[syslog-ng] [announce] patterndb project

Wed Jul 7 13:37:00 CEST 2010

On Mon, 2010-07-05 at 12:05 -0500, Martin Holste wrote:
> > A naive schema based SQL destination would simply create as many tables
> > as there are schemas. A better optimized one would use the NV -> field
> > mapping that you propose, and a NoSQL implementation would just scale to
> > any number of NV pairs without having to rename the fields.
> >
> > This mapping support would also be useful if we want to generate CEF/CEE
> > formatted events.
> >
> 
> Hm, so maybe we need to decouple the actual DB stuff from the XML
> schema and declare it out-of-scope, since its' really up to the
> implementer to figure that out, and the specific implementation will
> likely change for each setup.  I think what's essential is providing
> the list of name-value pairs and whether they are integer or string.
> Maybe there could be a "contrib" section on your site with contributed
> scripts for stamping out the various configurations (e.g. multi-table
> SQL, no-SQL, etc.).

I'd like to create a generic SQL destination, which would magically work
without having to explicitly configure the table schema (e.g. no need to
generate the configuration)

If type information is present then the field names for your condensed
table could be generated on the fly. I think I'd leave this question
opened for a while, until we get that generic SQL destination.

> 
> > The problem is that I'd like to support the multiple tables idea as
> > well, e.g. store each schema in a separate table. In this case you need
> > a unique id in order to join the tables. Also, if this would be combined
> > with the MSGID field of RFC5424, this could be used to fetch the
> > original raw message easily.
> >
> 
> It looks to me like MSGID is better suited for a tag then being part
> of the ID itself.  From the RFC: "It is intended for filtering
> messages on a relay or collector."  A unique ID across multiple tables
> is not a problem as long as there is one master table where you would
> put the syslog header fields with an auto-increment column to generate
> the ID.  If you absolutely wanted Syslog-NG to generate the ID, I
> suppose you could append a CRC of the $MSG to the epoch timestamp,
> though that isn't foolproof.

Right, I was under the wrong impression what MSGID is. Not that I
understand or agree with the way it was defined though.

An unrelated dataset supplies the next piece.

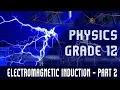 Physics Grade 12 Electromagnetic Induction Self induction in a loop Part 2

Anyway, I wouldn't want to store the syslog message in the database only
to get an ID, and the use of this ID would be optional.

> 
> > hmm... hmm, maybe "details" should be above all schemas, e.g instead of
> > calling it "secevt.details", it should be called "details", it is a
> > single pattern the extracts all the fields after all, so the pattern
> > author can decide which information wouldn't fit into any of the schemas
> > and put that in details.
> >
> 
> Yep, I think details would be a good spot for all miscellany, as well
> as other meta-data that is inherent to a specific log class that
> doesn't fit in a predefined field.

Agreed.

> 
> > Well, I believe that in SQL, the best we could probably come up with is
> > a "list of tags field" and use free-text indexing.
> 
> Yes, for instance, the Sphinx full-text search engine has a
> Multi-Value Attribute (MVA) config attribute which is specifically
> designed for efficiently storing a list of n-number of tag ID's for a
> given record.

That's what I thought.

I'm going to update the document with these decisions. Thanks for your
feedback, I really appreciate it.

-- 
Bazsi